“Dear sir,” she said only, “the child is growing very critical. Do not encourage her, and make this cross harder than I can bear.”
“But I too have a cross,” I said; “only it is little and faint, and not blushing like maman’s.”
My papa laughed again, and again frowned, saying, “It is a fact, and hard on the infant, who has done nothing to deserve it.”
Then he pushed me from him, and rose, and, going to the door, turned at it with a peevish face.
“I weary of these heroics,” said he. “If you persist in them, remember that you are qualified, more than ever, for les Madelonnettes.”
He went; and she cried out, as if over some dreadful awakening. But thenceforth, for some reason, our confidences grew estranged. I loved my poor mamma so well, that I think she should not have responded by striving to make heir to her melancholy the innocent cause of it. At the root of all our moral revolt is a sense of the injustice of original sin. I, at least, had done nothing to make me unhappy.
Presently I was given a governess, my dear careless father’s nominee. She was French, a ci-devant maîtresse de pension, very lazy and self-indulgent, and, if not sleeping, she was always ogling for unattached beaux. Vicious and insolent, she delighted in prompting me to reflections on my mother’s self-reserve, and “honour” was as much in her mouth as false teeth.
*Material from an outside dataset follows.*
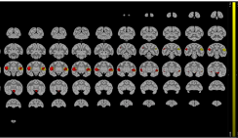 Pypreclin: a new tool for fMRI preprocessing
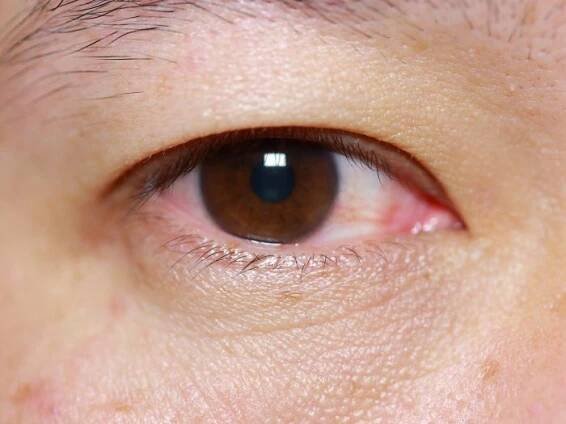 A close-up shot of a human eye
I learned nothing from her but indecorum and innuendo.
One day—for the moral to her teaching (it was when I was ten years old)—I was playing truant on the downs, when I saw a small smutty baby crawl from under a bush into the road at the very moment that a carriage, wildly driven, was approaching. I had just time to notice the gilded splendour of the equipage, and, perhaps,—let us be frank, my friend,—to be inspired to heroism by the sight, before I leapt and snatched up the child from under the very feet of the galloping horses. As the chariot thundered by, an elegantly groomed head thrust itself from the window, and a ruffled hand, waving to me standing there unhurt but bewildered, flung back a gold coin into the dust. I turned my back immediately, disillusioned, by the insolence of the acknowledgment, as to the disinterested quality of my deed, and the more so as the baby was, parler franchement, decidedly unpleasant. I put the imp down, and began to re-order my little ruffled plumes. Wouldst thou hear what they were, my Alcide? I can recall them at this hour: A dainty gipsy hat knotted to a blue ribbon; a stomacher laced over with silver twist, and a skirt to the ankles, both of flowered lustring; three pair of ruffles at my bare elbows; a black solitaire at my neck, and black shoes with red heels and the prettiest of paste buckles.
Alas! how better than our sins of yesterday do we remember the stockings we wore to sin in! Let me, for penance, concede to history these my failings. I was, in fact, colourless in complexion, like tinted porcelain, with what my detractors used to call spun-glass hair, and the eyes of a Dresden shepherdess. And I was not at that time light on my feet, with which my volatile spirits were always at odds.
Now, as I smoothed my skirt, I was aware of a mad gipsy woman hurrying from the bank towards me, and crying and gesticulating as she came. She caught up the infant, and, finding it unharmed, put it down again, and fawned upon me inarticulate. Then she broke off to curse the distant carriage up hill and down, and finally went to pick up the coin from the very spot where she had not failed to mark its fall.